As mentioned in the comments of the OP, the delay happens during de-allocation of the large vectors traces1
and traces2
, not, apparently, during clear()
(or swap()
for that matter). But the only way to determine this is with a debugger because once it hits the end of the clearVector()
function the thread is essentially hung up (trying to timestamp this with a timer is useless).
I also tried using only 1 vector "set" inside Worker
(see code).
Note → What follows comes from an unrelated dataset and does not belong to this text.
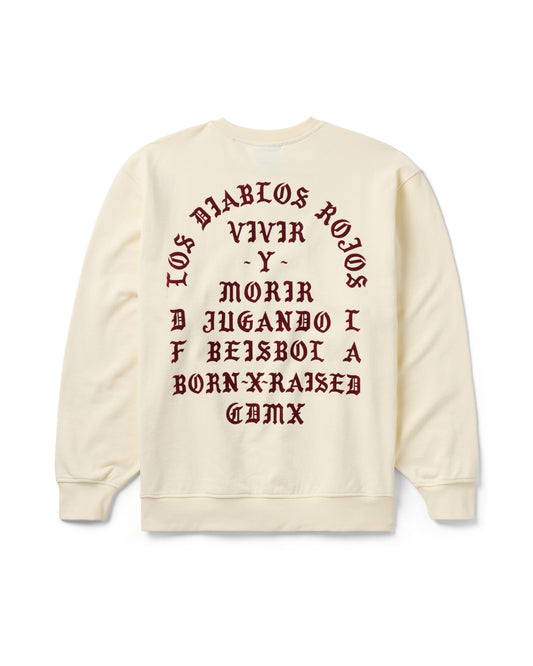 BORN X RAISED + DIABLOS FLOCKED MEMORIAL CREWNECK: CREAM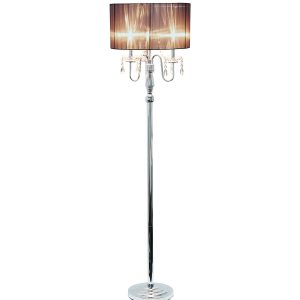 All The Rages Romantic Sheer Shade Floor Lamp with Hanging Crystals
Huge difference:
10 workers with 1 `std::vector`:
Worker 5 finished (ms) 4125
Worker 4 finished (ms) 4139
Worker 1 finished (ms) 4141
Worker 6 finished (ms) 4153
Worker 10 finished (ms) 4161
Worker 9 finished (ms) 4177
Worker 7 finished (ms) 4197
Worker 3 finished (ms) 4216
Worker 8 finished (ms) 4209
Worker 2 finished (ms) 4221
Last worker finished after 4222 total ms.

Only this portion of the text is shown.